Ji Hu (904 BC — 829 BC), also respected as King Li of Zhou or Zhou Li Wang, was the tenth monarch of the Zhou Dynasty in the history of China.


He was always regarded as a tyrant, but also a brave reformist.


His reform achieved success and made his kingdom stronger in the beginning, but many of the controversial policies hurt both noble and civilian’s interest. 


Enthronement and Predicament

When Ji Hu, now King Li of Zhou, ascended the throne, the Zhou Dynasty had experienced a huge decline already.


Many vassal states stopped paying tribute or pledging loyalty to the central royal government; a lord in the south even claimed himself the king, while nomadic regimes kept harassing Zhou on the northern borders. 


King Li of Zhou's Controversial Reform with Consequences 

King Ji Hu immediately nominated some people he trust to be ministers of economy and military, which overthrown the system that only nobles could serve in important positions.


Those ministers convinced the king to claim the ownership of all the mountains and lakes and asked people to pay money if they wanted to approach those places.

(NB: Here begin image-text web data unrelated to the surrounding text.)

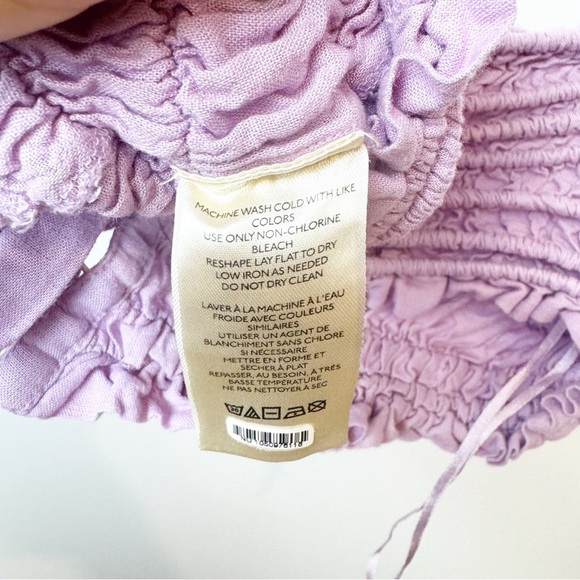 URBAN OUTFITTERS | Chelsea Linen Ruched Cami Crop Tank Top Purple - Picture 9 of 10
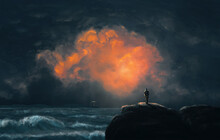 Man, Tourist Standing On Mountain Edge, Looking To Sea And Lighthouse With Sunset Dark Moody Sky. Digital Painting, Background Illustration
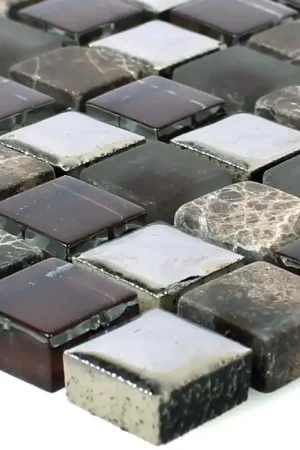 Verre Marbré Mosaïque Céramique Brun Argent Meilleure Vente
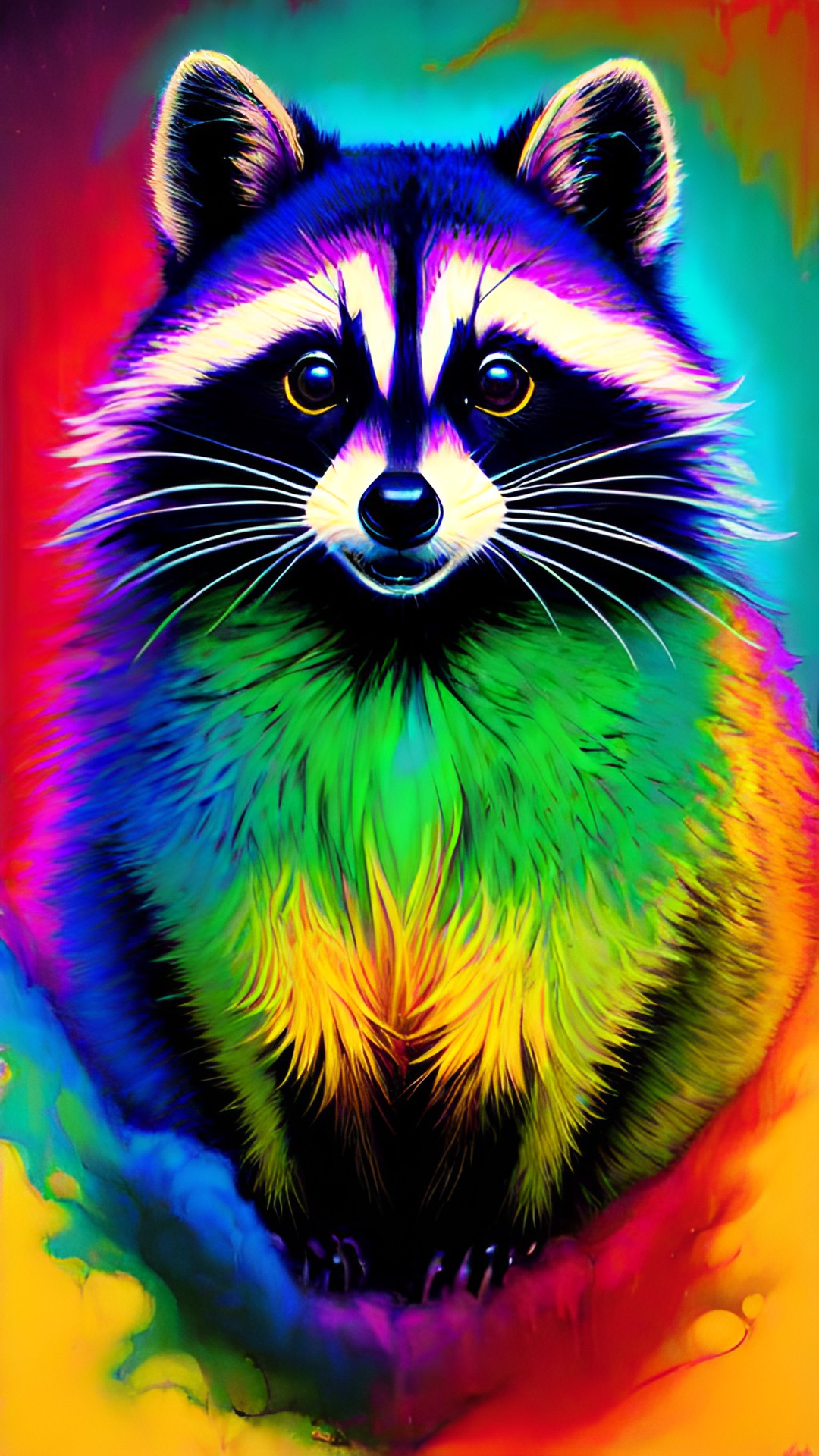 Cute Raccoon - raccoon, lisa frank style, neon, colorful preview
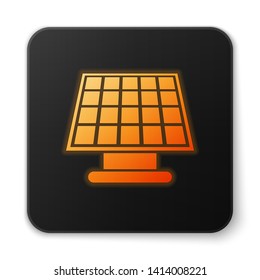 Orange glowing Solar energy panel icon isolated on white background. Black square button. Vector Illustration
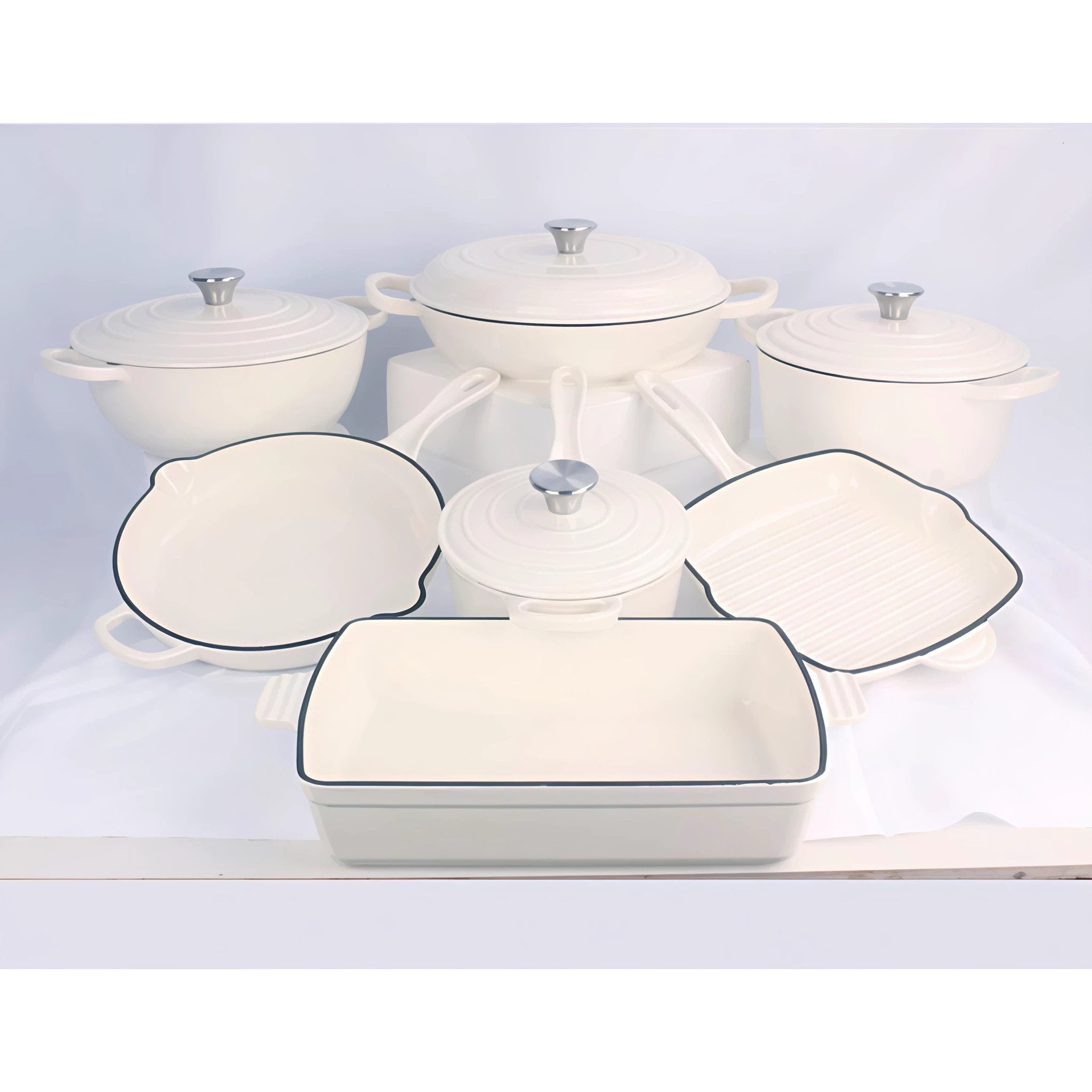 Enamel Cast Iron Cooking Pots Set with Frying Pan, Grill Pan and Baking Tray Cookware Cookware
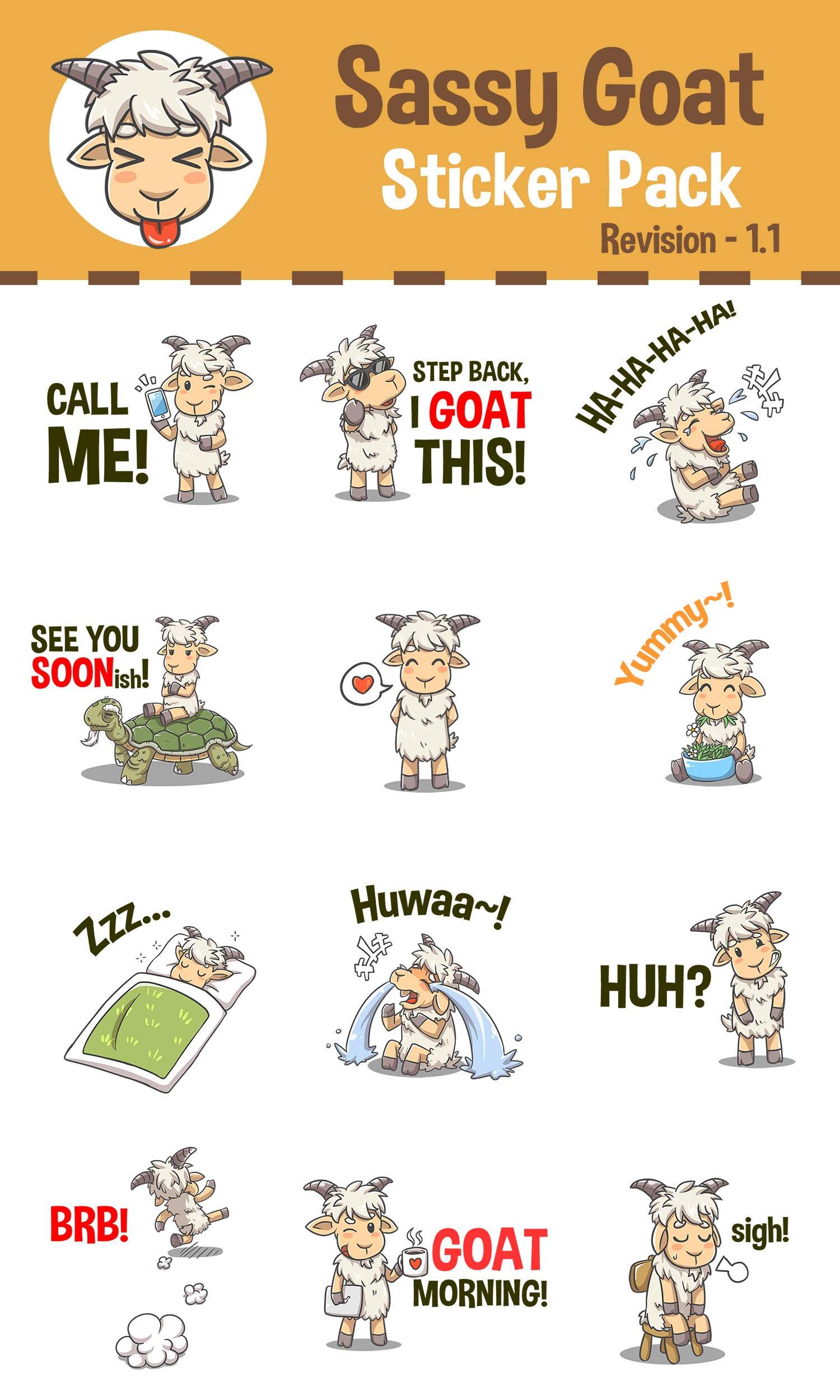 Cute/Funny/Sassy Goat Character(s) 12 Sticker Pack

King Li of Zhou also monopolized all the profitable industries and made lots of money.


In addition, he put all the noble titles and lots of political positions in clear prices and let whoever rich to buy.


With those efforts, he collected large amounts of treasures into the exchequer while civilians became more poverty. 


These reform policies, though, enriched the country obviously, they strongly weakened nobles’ benefits as well.


A few years after the king's reform, Empire Zhou defeated all the invading armies and retrieved their lost lands; all the drifted lords pledged their loyalty again and recovered the tribute system.


Even the king of that southern powerful vassal state abrogated his king's title and became a subdued lord again. 


The King with the First Plain Clothes Spy Agency

King Li of Zhou also invented the first plain clothes spy agency when he heard that his civilians were complaining about his reform policies.


Many people were sentenced to death or banished far away because of saying negative words about their king.


In addition to civilian’s increasing poverty, they finally initiated a riot toward him. 


Civilian's Riot and the Helpless King Li of Zhou

King Li of Zhou then had to escape to an isolated mountain; he didn’t dare to go back to the capital again.


Two people from the royal family were in charge of the Empire Zhou for a few years, while Ji Hu, the ambitious reformist and powerful King Li of Zhou, was starved to death in that bleak mountain.  


When the riot happened, a royal minister hid Ji Hu's crown prince in his place; he sacrificed his son when angry civilians were surrounding his house and asking for the prince.


Years later, after hearing the King Li of Zhou died in the banished mountain, those two royal members who were in charge welcomed the hidden crown prince back and enthroned him as the new king. 


King Li of Zhou's achievements were remarkable in the history of China, which made his country powerful again and gained the loyalty of all the lords.


However, he displeased nobles by jeopardizing their interests and hurt the civilians by making people shut up in cruel methods. 


Therefore, when the riot happened, he didn’t get support from either aristocrats or civilians.


This ambitious, powerful, and aggressive reformist, unexpectedly, ended up in a wild mountain lonely and deplorably.